これは、AIに大量の「教師画像」を学習させ、診断目的に合わせて、撮影データから最適な診断画像を「抽出」するという最先端の画像再構成技術です。
「抽出」された画像を見ると「見たいところ」が鮮明に見えています。この画像を実際に撮影した画像と見比べているうちに、ひとつの考えが湧き上がってきました。
アナログ時代に収録された解像度が低いNATURE作品の「見せたいところを際立たせる」ことができないかと考えたのです。
AIが描き出した画像は、スマホやPCの画面では鮮明に見えていますが、大画面にすると「アラ」が目立ってきます。アップコンなしでそのまま大画面にするのは、やはりちょっと厳しそうです。

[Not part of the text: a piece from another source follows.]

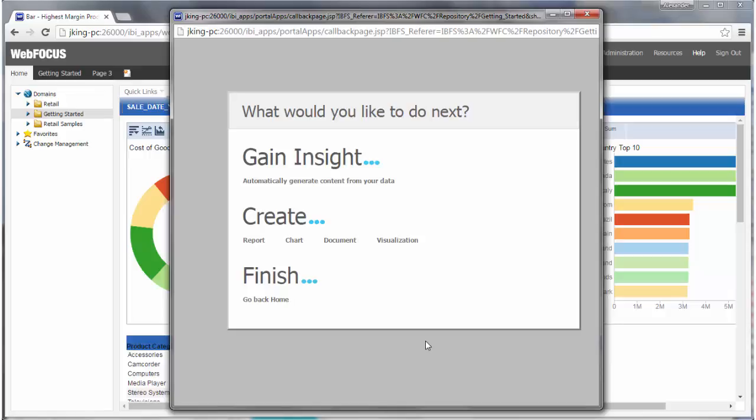Welcome to this Getting Started video, which introduces how you can view and use sample content that is automatically generated from uploaded data in the WebFocus Business User Edition.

実はこれまで、NATUREのビンテージ作品を大画面で見ていただきたくて、何度かアップコンに挑戦してきました。しかし、機械的にフレームを補完するだけの単純なアップコンでは、画像が不自然に「リアル」になってしまい、NATUREの世界観からどんどん遠ざかってしまうのです。
4Kテレビの最新のアップコン技術とAIによる深層学習技術。この2つを組み合わせることはできないのだろうか・・・ そんなことを考えていた時、耳寄りの情報が飛び込んできました。
膨大な映像パターンを学習したAIが、被写体に応じてその美しさを際立たせてくれる、画期的なアップコンソフトが発売されたというのです。
早速試してみると、このソフトは、これまでのアップコン製品とは別次元の「鮮明で自然なディテール」を描き出してくれました。
AIのアルゴリズムが、細心の注意を払って古い絵画を「復元」するかのような繊細さを持っていることに、私は驚きを禁じ得ませんでした。
このソフトは、色彩やコントラスト、画面の質感などのパラメーターを、制作者自身の手で補正することもできる優れもので、NATUREの「大画面化」に新しい創作の余地を拓いてくれました。
アナログからハイビジョンへ、さらに4Kから8kへ。高精細化する大型テレビの画面は、「日常の世界」を驚くほどリアルに映し出します。しかし、その細密化する画面からは「隙間」がどんどん失われ、想像力の入り込む余地がなくなっていきます。
効果や効率を重視する世界は、テレビの画面からも「あそび」や「ユルさ」を奪ってしまったのでしょうか。
日本の伝統文化の真髄は「隙間」にあると言われています。書画の「余白」や歌舞音曲の「間」。先人たちは日常の世界に「隙間」を創り出すことで、「非日常の世界」と対話してきたのです。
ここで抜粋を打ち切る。